I need to modify a Raspbian image for use with Raspberry Pi's in a commercial setting. This way I won't have to modify the defaults of every single pi afterwards. I want to set the default keyboard to U.S., disable auto-login and boot to command line rather than GUI. Is it possible to modify an image with these settings before flashing each card? If so, how?


Solution

  • The easiest approach would be to get one Raspi behaving the exact way you want (called a golden master), then shut it down, pull the card, and do something similar to the following in your PC's SD card reader (from which I assume you baked the first card):

    sudo dd if=/dev/<sddevice> bs=1k | gzip -c > myProduct-1.0-master.bin.gz
    

    Then just bake that image onto card #2, #3...#n using:

    zcat myProduct-1.0-master.bin.gz | sudo dd of=/dev/<sddevice> bs=1k
    

    NB about card sizes: Always make sure your golden master card is SIGNIFICANTLY SMALLER than your target cards (ideally 2x, like 8-vs-16 GB).

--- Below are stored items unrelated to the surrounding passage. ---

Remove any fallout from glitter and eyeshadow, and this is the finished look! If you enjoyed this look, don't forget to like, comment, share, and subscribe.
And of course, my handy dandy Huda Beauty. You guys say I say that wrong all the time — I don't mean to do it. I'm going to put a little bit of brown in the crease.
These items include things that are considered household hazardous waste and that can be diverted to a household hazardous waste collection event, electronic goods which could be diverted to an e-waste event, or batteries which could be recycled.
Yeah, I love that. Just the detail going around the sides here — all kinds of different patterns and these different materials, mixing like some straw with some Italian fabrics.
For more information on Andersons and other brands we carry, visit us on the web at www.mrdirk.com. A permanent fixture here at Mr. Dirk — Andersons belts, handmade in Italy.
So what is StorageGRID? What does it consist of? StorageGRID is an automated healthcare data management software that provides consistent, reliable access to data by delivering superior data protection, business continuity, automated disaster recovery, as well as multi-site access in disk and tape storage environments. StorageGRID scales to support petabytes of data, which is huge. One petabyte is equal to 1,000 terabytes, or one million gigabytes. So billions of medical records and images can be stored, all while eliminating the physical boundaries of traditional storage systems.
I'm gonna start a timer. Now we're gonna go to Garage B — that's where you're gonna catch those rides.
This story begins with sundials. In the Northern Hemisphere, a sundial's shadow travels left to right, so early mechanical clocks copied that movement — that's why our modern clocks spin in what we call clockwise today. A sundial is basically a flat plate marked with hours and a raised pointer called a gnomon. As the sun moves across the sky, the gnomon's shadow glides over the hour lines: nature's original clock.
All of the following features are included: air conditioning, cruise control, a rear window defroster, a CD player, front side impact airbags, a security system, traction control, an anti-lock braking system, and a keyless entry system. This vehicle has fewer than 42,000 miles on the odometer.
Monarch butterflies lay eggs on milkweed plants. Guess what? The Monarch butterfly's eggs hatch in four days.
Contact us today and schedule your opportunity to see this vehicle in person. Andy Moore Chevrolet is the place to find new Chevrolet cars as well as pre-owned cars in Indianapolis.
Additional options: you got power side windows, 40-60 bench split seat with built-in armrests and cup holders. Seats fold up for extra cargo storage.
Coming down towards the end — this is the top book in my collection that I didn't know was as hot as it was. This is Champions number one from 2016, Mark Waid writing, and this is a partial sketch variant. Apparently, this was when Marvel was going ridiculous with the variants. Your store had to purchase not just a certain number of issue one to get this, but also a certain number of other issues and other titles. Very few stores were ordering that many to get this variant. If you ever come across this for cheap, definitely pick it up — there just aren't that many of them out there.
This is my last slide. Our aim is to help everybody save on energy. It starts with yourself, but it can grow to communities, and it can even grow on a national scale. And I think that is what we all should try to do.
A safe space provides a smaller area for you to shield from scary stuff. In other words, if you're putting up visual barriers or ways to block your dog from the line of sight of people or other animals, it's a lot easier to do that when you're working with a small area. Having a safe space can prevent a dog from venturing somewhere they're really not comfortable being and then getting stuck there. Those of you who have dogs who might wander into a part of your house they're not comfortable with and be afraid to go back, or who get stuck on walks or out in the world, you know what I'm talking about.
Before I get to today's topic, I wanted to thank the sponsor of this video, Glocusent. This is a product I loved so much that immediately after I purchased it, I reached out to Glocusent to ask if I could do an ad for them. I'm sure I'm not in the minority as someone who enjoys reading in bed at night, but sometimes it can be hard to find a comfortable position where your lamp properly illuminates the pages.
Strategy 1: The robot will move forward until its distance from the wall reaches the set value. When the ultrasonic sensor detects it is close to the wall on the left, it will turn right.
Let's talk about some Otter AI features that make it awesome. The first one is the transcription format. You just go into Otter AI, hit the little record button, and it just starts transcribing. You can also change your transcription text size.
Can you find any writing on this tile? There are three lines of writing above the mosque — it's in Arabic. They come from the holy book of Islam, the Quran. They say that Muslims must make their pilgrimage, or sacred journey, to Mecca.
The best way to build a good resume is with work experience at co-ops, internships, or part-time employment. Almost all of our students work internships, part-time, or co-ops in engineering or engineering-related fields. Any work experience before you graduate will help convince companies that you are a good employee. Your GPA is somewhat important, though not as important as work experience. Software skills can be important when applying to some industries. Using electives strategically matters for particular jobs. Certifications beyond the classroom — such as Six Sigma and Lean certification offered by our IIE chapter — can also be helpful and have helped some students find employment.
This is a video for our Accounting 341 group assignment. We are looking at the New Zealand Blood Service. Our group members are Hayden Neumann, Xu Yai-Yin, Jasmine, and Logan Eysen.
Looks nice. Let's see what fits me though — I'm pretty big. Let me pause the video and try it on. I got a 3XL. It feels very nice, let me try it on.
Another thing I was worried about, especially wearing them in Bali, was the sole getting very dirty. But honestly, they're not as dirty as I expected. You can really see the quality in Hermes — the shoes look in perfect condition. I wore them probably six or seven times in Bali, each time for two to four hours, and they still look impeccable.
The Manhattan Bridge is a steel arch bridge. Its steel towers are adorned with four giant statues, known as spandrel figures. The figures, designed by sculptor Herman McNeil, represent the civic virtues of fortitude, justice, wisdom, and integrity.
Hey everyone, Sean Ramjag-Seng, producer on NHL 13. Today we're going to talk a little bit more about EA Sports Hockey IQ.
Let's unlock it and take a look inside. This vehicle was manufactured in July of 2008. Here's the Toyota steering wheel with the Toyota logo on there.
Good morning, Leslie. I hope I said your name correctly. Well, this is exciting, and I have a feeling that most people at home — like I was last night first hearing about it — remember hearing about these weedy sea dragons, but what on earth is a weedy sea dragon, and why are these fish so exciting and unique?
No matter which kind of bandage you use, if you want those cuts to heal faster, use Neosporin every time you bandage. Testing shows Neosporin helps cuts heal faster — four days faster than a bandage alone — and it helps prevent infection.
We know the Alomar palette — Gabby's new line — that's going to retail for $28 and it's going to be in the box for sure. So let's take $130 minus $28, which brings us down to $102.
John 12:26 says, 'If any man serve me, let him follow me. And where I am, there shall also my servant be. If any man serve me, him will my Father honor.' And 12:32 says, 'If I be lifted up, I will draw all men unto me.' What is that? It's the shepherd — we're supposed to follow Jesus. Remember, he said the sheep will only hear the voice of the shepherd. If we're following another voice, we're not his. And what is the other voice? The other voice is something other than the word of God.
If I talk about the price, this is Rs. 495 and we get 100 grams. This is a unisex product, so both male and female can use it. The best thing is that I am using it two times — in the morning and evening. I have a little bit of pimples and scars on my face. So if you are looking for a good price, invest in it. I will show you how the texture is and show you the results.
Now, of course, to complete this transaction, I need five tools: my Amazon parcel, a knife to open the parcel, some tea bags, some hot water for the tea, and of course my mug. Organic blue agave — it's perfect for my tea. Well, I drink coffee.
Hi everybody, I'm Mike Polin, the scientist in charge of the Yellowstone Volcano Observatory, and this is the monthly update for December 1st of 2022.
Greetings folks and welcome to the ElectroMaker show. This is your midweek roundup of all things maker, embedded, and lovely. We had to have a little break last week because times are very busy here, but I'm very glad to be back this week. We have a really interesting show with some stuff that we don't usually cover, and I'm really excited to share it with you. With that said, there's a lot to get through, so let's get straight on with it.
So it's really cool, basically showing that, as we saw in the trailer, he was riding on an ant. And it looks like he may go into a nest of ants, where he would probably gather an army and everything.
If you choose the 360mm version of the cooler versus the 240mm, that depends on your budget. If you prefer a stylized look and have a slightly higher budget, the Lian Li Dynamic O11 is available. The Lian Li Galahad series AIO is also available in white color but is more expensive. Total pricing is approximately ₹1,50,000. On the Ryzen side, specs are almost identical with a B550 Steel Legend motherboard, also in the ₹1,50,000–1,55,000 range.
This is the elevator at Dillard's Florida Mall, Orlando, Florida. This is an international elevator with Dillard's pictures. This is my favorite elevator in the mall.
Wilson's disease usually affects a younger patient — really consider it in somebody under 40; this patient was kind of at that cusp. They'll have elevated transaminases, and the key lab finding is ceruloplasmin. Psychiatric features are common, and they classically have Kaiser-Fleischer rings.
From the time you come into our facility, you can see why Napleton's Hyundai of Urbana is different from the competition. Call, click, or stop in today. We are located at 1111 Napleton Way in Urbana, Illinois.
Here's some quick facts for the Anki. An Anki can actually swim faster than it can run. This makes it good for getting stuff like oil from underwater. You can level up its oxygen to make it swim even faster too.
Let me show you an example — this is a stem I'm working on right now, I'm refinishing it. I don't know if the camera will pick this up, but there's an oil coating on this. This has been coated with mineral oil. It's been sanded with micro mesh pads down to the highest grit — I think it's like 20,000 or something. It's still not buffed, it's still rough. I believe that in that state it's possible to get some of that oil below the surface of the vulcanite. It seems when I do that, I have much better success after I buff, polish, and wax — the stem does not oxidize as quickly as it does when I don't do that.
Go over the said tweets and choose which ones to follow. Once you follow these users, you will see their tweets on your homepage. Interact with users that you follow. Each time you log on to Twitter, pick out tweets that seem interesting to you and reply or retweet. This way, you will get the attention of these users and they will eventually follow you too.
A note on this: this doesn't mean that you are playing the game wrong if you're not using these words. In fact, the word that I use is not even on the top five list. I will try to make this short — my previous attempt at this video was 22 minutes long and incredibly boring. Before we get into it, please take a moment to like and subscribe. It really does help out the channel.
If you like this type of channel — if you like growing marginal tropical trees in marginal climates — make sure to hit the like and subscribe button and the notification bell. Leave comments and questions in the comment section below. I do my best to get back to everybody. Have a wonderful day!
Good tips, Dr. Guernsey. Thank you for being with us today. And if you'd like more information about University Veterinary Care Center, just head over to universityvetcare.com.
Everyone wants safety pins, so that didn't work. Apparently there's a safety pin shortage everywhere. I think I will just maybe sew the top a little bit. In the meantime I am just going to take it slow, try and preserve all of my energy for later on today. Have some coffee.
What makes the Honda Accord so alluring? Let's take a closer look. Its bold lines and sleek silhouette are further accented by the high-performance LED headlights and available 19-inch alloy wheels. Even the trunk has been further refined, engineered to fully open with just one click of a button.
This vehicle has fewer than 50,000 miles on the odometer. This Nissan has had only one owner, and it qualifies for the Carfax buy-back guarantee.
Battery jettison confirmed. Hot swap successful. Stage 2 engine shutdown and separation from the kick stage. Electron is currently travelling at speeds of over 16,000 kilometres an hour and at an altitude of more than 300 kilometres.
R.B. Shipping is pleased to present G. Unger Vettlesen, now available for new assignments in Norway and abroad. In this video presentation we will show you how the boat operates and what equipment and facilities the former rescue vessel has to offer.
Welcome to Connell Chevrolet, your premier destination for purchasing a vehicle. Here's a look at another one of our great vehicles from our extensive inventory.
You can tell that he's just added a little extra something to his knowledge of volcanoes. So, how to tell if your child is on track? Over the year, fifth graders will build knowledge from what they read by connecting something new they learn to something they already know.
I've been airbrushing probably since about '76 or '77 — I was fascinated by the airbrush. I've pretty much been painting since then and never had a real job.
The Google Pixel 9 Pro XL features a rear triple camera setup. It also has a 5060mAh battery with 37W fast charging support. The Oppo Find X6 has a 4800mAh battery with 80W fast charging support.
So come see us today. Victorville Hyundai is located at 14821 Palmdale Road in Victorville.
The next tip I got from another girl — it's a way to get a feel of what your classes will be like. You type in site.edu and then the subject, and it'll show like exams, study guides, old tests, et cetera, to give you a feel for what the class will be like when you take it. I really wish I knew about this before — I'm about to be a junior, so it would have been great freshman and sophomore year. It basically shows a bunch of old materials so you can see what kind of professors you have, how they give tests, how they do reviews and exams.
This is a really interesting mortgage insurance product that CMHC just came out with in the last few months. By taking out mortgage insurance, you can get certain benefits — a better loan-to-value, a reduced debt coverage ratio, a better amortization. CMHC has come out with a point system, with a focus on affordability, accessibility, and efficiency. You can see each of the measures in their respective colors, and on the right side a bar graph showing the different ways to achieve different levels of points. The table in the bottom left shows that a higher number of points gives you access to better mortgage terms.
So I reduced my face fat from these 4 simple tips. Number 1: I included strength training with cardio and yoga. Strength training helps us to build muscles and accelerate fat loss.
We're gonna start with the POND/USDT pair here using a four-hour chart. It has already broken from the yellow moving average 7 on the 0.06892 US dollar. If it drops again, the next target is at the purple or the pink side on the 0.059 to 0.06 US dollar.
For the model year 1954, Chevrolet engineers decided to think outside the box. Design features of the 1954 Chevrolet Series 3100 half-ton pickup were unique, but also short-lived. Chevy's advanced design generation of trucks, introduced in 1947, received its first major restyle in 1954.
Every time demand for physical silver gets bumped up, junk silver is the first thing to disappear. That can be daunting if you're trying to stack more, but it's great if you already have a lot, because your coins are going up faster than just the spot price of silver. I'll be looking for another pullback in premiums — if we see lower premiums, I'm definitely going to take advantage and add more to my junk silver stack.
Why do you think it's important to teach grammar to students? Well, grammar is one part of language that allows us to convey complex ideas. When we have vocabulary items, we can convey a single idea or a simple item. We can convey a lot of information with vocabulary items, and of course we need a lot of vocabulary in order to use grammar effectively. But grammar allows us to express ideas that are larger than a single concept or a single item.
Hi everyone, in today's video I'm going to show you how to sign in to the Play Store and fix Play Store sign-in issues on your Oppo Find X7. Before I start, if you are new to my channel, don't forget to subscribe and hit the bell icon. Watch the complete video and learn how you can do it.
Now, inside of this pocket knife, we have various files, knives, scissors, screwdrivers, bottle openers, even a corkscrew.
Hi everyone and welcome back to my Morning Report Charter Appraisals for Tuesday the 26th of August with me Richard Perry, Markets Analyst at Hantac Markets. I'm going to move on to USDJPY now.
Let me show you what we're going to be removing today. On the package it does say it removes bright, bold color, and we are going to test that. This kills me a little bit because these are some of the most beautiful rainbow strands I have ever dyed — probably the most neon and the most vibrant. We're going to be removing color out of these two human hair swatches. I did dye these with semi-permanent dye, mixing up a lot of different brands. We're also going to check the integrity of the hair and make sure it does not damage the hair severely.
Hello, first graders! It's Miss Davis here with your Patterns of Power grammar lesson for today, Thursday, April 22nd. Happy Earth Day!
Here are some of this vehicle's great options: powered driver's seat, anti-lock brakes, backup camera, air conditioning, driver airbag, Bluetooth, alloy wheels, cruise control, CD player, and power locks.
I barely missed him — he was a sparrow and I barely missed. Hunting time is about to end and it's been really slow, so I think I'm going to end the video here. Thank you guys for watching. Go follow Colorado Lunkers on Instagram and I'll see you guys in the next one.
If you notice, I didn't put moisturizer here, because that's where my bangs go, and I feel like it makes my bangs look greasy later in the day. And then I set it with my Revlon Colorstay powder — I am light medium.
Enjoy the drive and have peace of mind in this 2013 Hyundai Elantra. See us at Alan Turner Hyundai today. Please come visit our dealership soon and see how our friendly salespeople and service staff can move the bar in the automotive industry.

The reasons for this are twofold:

    • If both cards are "8GB," the target might be slightly smaller than the source (in which case you'll end up with filesystem truncation and possibly weirdness in subtle and unpredictable ways).
    • SD card controllers have EXTREMELY PRIMITIVE wear leveling and dd'ing over a bunch of zeroes defeats it utterly (which means cards can die if you're doing e.g. a bunch of logging). Keeping a bunch of unused space means that you have fallow cells that can be used by wear leveling (note that modern SSDs have much more sophisticated wear leveling and don't suffer from this problem for the most part).

    I created a product not too long ago that did just this--the master was an 8GB full-size card and the targets were all 16GB micros. We'd put the master in the mass duplicator, then the targets and hit the big duplicate button. Because the cards were different storage sizes, we had ~50% underprovisioning (giving us tons of wear-level room) and because the cards were different physical sizes, we never mixed them up :-)

    (Yes, I'm ridiculously conservative about wear-leveling--nothing worse IMO than having an embedded card die in the field and having to crawl through God-knows-what to replace a $8 part that didn't have to fail in the first place...)

    It's worth creating a VERSION file on your master, as well, so as you rev your product you know which version is installed (you can edit /etc/issue to display that at the login prompt, or just edit some other arbitrary text file).

    It's possible to create from-scratch images for the RasPi that have a more-tightly-controlled OS distro, but if you're only adjusting a couple of files, the easiest way is as I describe.